| Aim of the exercise |
Without including any pictures, copy every line below exactly.

(Image-backed grounding data)
□ □ □ □

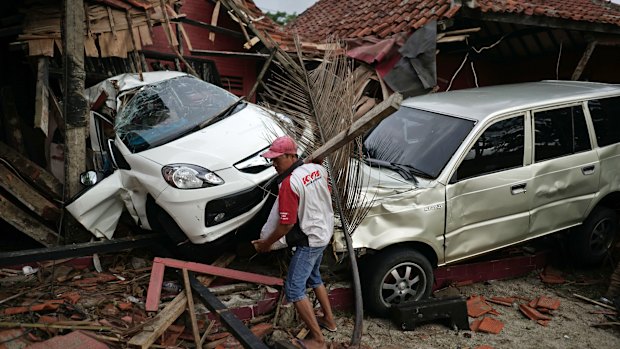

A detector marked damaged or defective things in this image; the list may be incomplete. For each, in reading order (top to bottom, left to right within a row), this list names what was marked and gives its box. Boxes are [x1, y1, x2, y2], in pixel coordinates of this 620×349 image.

shattered glass [115, 75, 241, 152]
cracked windshield [115, 75, 241, 152]
suv crumpled hood [137, 103, 278, 171]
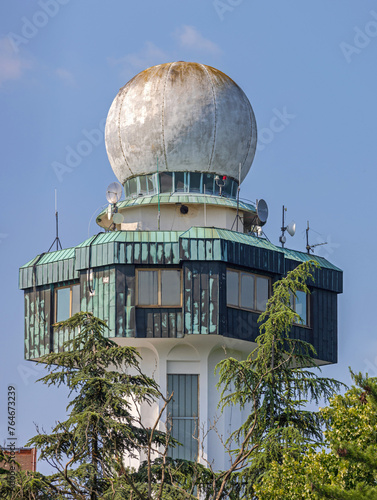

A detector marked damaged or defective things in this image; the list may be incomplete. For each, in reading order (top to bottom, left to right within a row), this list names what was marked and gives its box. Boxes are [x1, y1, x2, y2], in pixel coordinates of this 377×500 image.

□ □ □ □

| Response area |
A detector marked damaged or defective things in this image; the list may be incomplete. For each, in reading order (top to bottom, left to right within a row), this list names what was marked and gives its box. Boxes are [x1, y1, x2, y2], in pixel coordinates of this 620×349 image.

shattered glass [115, 75, 241, 152]
cracked windshield [115, 75, 241, 152]
suv crumpled hood [137, 103, 278, 171]

A detector marked damaged or defective things in this image; the list may be incomplete. For each, in reading order (top to bottom, left to right within a row), this list names what was marked and gives its box. Boxes are [x1, y1, x2, y2], in pixel coordinates of this 377×500 image.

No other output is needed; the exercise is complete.